2025 June 3,
You are not responsible for knowing this material in any project work or exam. I put it here, just to give you a glimpse of graphics topics that we didn't have time to explore.
Although we started in two dimensions for the sake of clarity, this course is really about 3D graphics. We can use our triangle-rasterizing 3D engine to do 2D graphics by restricting our meshes to a plane. However, there are many techniques specific to 2D graphics that we've ignored entirely.
Bresenham's algorithm is how you rasterize lines. More generally you might want to rasterize splines. Then you can think about rendering vector fonts.
Graphical user interfaces are built using scene graphs. TeX's page layout algorithm uses a similar idea: nested bounding rectangles.
Image processing is a huge topic. It connects to mathematical topics such as Fourier analysis, statistical topics such as time series, and AI topics such as computer vision.

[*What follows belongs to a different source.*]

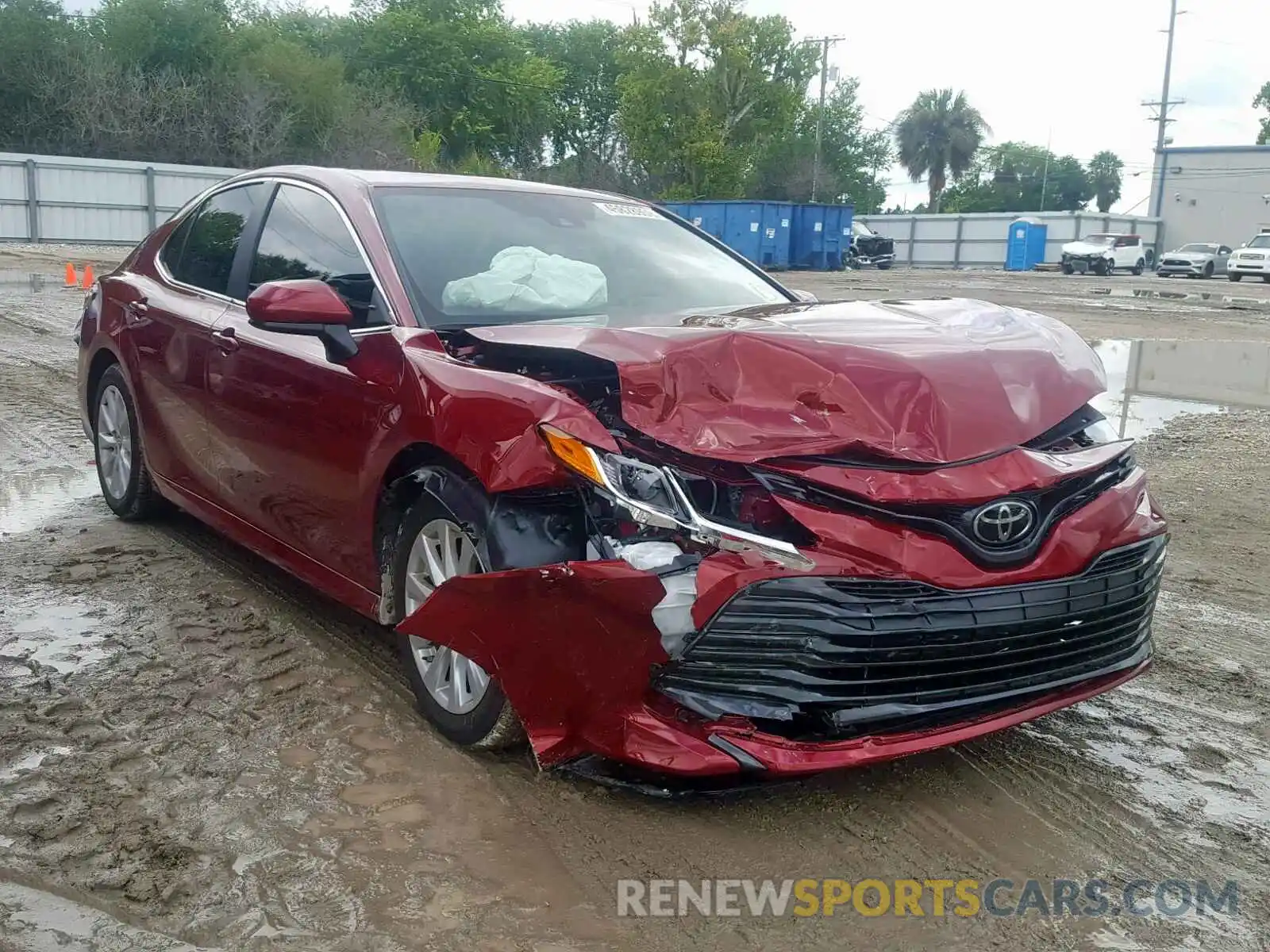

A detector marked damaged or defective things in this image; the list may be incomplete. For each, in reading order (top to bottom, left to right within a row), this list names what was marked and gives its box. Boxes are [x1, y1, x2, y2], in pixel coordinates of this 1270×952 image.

deployed airbag [444, 246, 606, 313]
damaged headlight [540, 425, 813, 571]
crumpled front bumper [400, 463, 1168, 781]
shattered grille [654, 539, 1162, 739]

We've studied nearest-neighbor filtering, bi-linear filtering, and perspective-corrected interpolation, but our textures still look pretty poor. One reason is that good textures require artistic work. But there are also technical reasons.
Mipmapping greatly improves the appearance of textures, especially when many texels map to a single pixel.

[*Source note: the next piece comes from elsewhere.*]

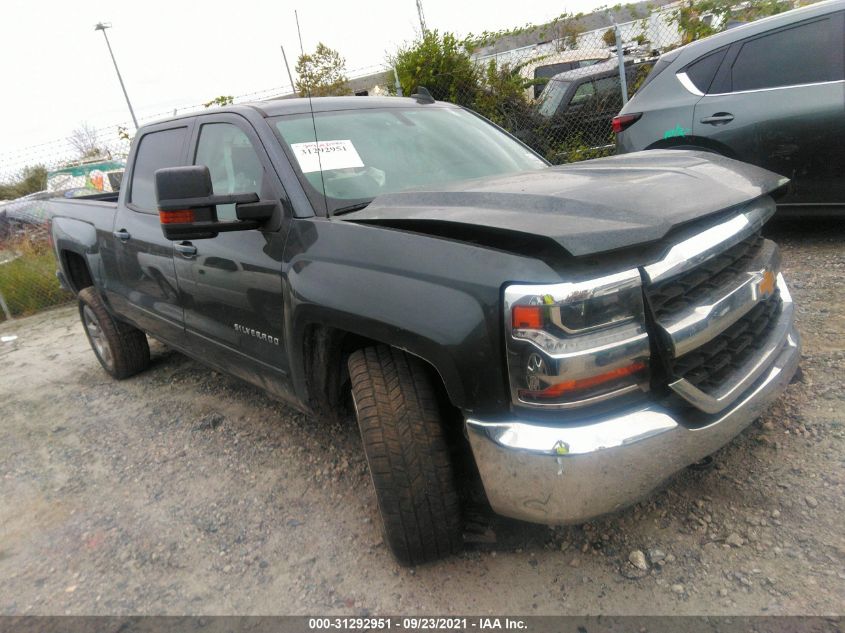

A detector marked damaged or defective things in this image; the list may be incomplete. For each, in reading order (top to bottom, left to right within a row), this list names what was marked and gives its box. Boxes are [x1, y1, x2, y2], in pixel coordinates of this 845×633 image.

crumpled hood [336, 149, 784, 256]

Anisotropic filtering incorporates perspective effects into the texture filtering itself.
We have implemented only rudimentary scene graphs made of bodies with relative isometries. More sophisticated scene graphs can have other kinds of nodes and even other organizational principles.
A level of detail (LoD) node has multiple children, all representing the same subscene, at differing levels of detail. The renderer chooses among them dynamically, to avoid rendering unnecessary detail. But you might get popping if the transition from one LoD to another is not managed well.
A physics engine simulates gravity, detects collisions, etc. The bodies form a graph based on static relationships (joints) and dynamic relationships (collisions). A basic, understandable example is Open Dynamics Engine; see for example this video.
Ray tracing a mesh is slow. The naive algorithm requires you to intersect a ray with each triangle. You probably want a hierarchy of enclosing primitives to prune the scene aggressively. You end up with something like a scene graph with LoD pruning.
Ray tracing is highly parallelizable. Starting in the late 2010s, you can now do ray tracing on many GPUs.
Sometimes, developers compensate for the expense of ray tracing by sacrificing other aspects of performance or quality. For example, check out the aggressive LoD culling on the ground around 11:55 of this Battlefield V video.
As far as improving the quality goes, the obvious next step is distribution ray tracing. It's expensive.
In earlier versions of CS 311, I've had students implement textured light (below left) and shadow mapping (below right).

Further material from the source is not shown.